MCT remain at the forefront of the industry, currently involved in several projects which are providing platforms for developing their systems. Of note is the SeaGen S which features a number of design changes following testing of the system in Strangford Lough. The new system features three blades, not two, and increased rotor diameter of 20m. These changes have combined to increase rated power to 2MW. There are plans to deploy an array of five SeaGen S machines – each costing roughly £9 million ($15 million) – off the coast of Wales.  It’s hoped that the machines will be installed by 2016.

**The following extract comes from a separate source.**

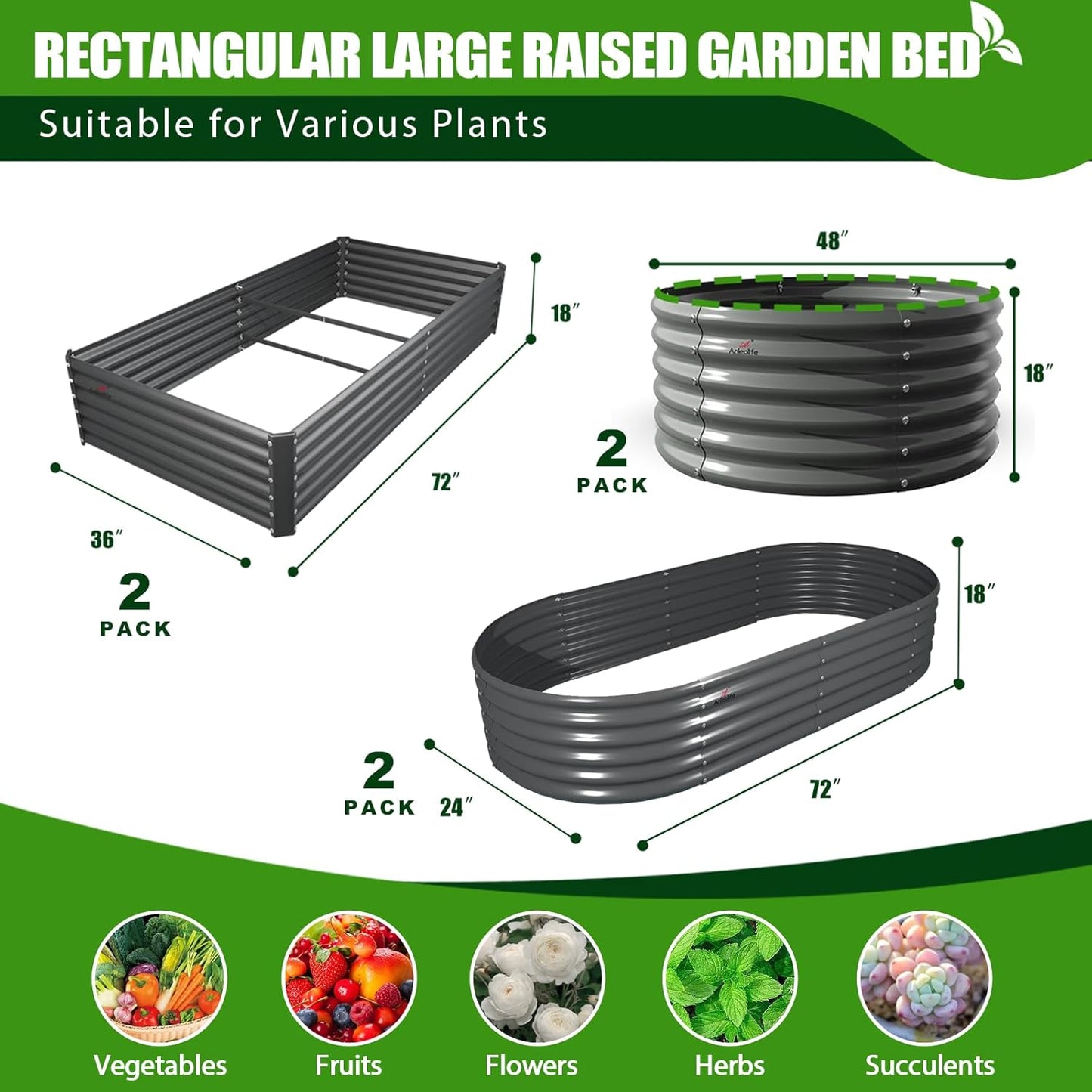 A ANLEOLIFE 6-Pack 4X4 & 6X3 & 6X2 Deep Root Galvanized Raised Garden Beds Outdoor for Planting Vegetables Flowers Herb,Quartz Grey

MCT has also secured lease agreements for three new commercial-scale tidal projects in the UK that speak to higher ambitions of the company. Each of these projects will be rated up to 30MW capacity and will use the forthcoming generation of SeaGen technology (presumably the non-disclosed SeaGen U). The target date for installation for these projects is 2020/21.

It should be noted that tidal power systems needn’t be submerged. MTC are partnered with Nova Scotian project developer Minas Energy to develop a 2MW floating tidal current turbine, called SeaGen F. The turbines will produce enough clean and reliable energy to supply up to 1,800 Nova Scotian households (MTC press release, 2014).

Alstrom 1MW marine turbine. Image rights: Alstom.

The Alstrom 1MW marine turbine is a fully submerged system. Image rights: Alstrom.

Wave Power

In the context of wave power systems, the key technology is the wave energy converter which converts kinetic energy of waves into electricity. Of these there seems to be no limit on the range of designs and concepts in circulation. That said, few have manifest into anything that actually generates electricity.

One of the more promising endeavours came from a company called Pelamis who reached large-scale testing of their second generation system.

Pelamis’ Wave Energy Converters are a semi-submerged, articulated structures composed of cylindrical sections linked by hinged joints (a set-up which is fairly common among WECs). As units respond to the movement of waves, they build up hydraulic pressure which is used to drive an on-board turbine.


The once promising Aguçadoura Wave Park, featuring Pelamis technology, is one of many prototype wave power projects which failed to reach its full potential. Image rights: Pelamis.

In 2008, Pelamis’ first experimental wave farm was opened in Portugal, at the Aguçadoura Wave Park. The farm featured three first generation Pelamis wave energy converters, and produced 2.25MW in total installed capacity. While there were plans to extend capacity further, the plant shut down just three months after opening.

Pelamis moved on to concentrate efforts on development of a second generation ‘P2’ system at EMEC. Seemingly successful, and having received considerable accolades as well as gathering some 15,000 hours of real grid connected test data, unfortunately the company ran into trouble. Unable to secure backers for advanced testing of the P2, the company went into administration in November 2014.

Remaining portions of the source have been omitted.